Leitz opened the business she calls The Lake House Retreat this spring, after spending the previous four months renovating it with the help of friends and family. The Lake House Retreat is available for rent to individuals or groups for whatever length of time they want to spend there.
Bookings have been better than she dreamed, as people learned about the retreat house through word-of-mouth and social media, Leitz said. From hunters, to writers, to families, guests are reserving slots for the summer, fall, and even next summer.
“It’s exactly what I envisioned: Bringing people together for respite and relaxation,” Leitz said.

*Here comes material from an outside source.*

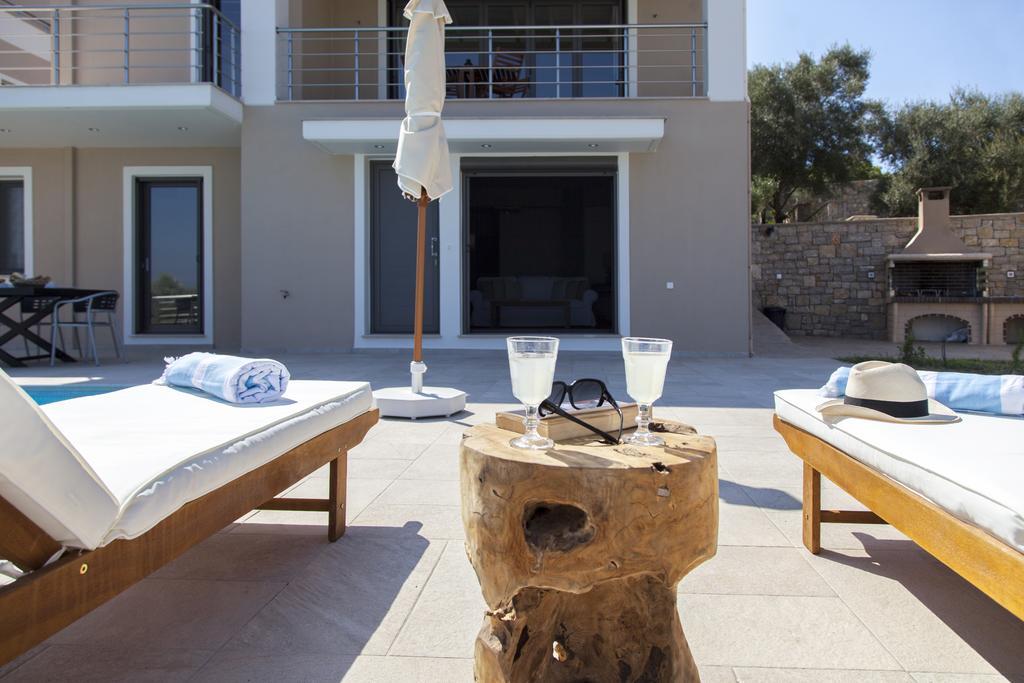Alivia Lefkas Luxury Villas Apolpaina ภายนอก รูปภาพ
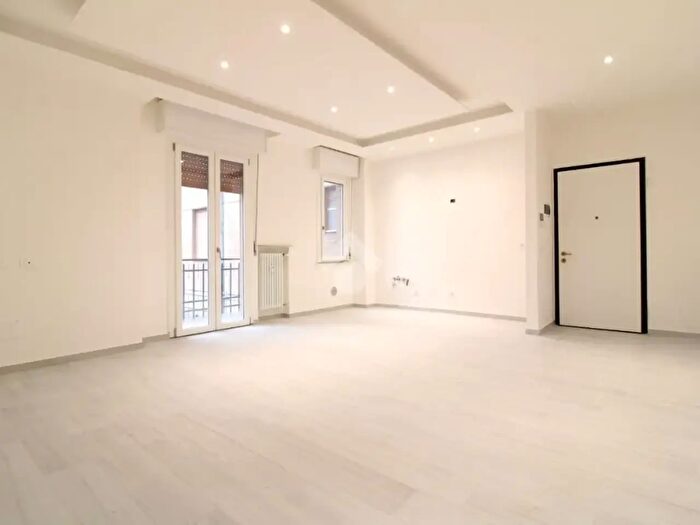 Appartamento quadrilocale in vendita in Via Monzambano, Sassuolo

Leitz, who lives in Grand Forks and works at the Chamber of Commerce, fell in love with the two-story house in the town of about 500, located 55 miles east of Grand Forks, when she kayaked past it and saw it from the lake side. She had considered buying the house, on Lake Cameron and adjacent to property that her sister owns, but didn’t follow up on it until she saw it from the water. That made her realize how much guests would enjoy the view and the opportunity to tie their watercraft at the dock below the house.
“I thought it would be a perfect retreat house,” Leitz said. After attending a scrapbooking retreat several years ago in Dent, Minn., Leitz became a believer in the benefits derived from getting away from the hectic schedule of day-to-day life and spending time in a quiet location.
“I was hooked, ” Leitz said. “It was magical. It was amazing. When I looked at this place, I wanted to experience that again.”
Emberly Leitz opened her Lakehouse retreat on Lake Cameron at Erskine, MN, this spring after several months of renovation. “It’s exactly what I envisioned; bringing people together for respite and relaxation,” Leitz said. Photo by Eric Hylden/Grand Forks Herald
Leitz had hoped to open the retreat house in January 2021, but learned after she bought it that the renovation, like many home improvement projects, would take more time than she had anticipated.
The to-do list included knocking out walls to enlarge the bedrooms, installing a new heating system and upgrading the wiring. The 62-year-old house originally was a Red Lake Falls, Minn., convent where the Sisters of St. Joseph lived, and was divided into small classrooms. Thirty-seven years later, the convent house was moved to Erskine, and since then has had a few different owners.
Leitz began tackling renovation in early November 2020, hiring electrical and heating companies to repair those systems. Meanwhile, she and several family members did remodeling, such as knocking out walls, installing wainscoting and painting.
Leitz and her sister, Brandy Chaffee, spent many weekends with hammers, saws and nails.
“I love demolition. Brandy does finishing touches,” Leitz said. Their sister, Peggy Raddatz, an accomplished baker, kept the work crews satiated with treats.
Now Raddatz contributes to the retreat house by making Minnesota-shaped sugar cookies that Leitz tucks into the welcome baskets she gives her guests. Leitz strives to personalize each basket with a unique gift, such as bubbles for children and an adult coloring book for writers.
Each of the five bedrooms in the retreat house has a name with a corresponding theme and can accommodate a total of 10 people. The retreat house rates are based on full occupancy, but any number of people up to that are welcome, and Leitz will adjust her charge accordingly.
No matter the number of guests, Leitz wants them to enjoy the experience as much as she enjoyed the retreat she attended in Dent.
“When I bought this place, I never imagined keeping it for myself. I imagined sharing it,” she said. “Maybe it will bring someone here, and they will get what they need.”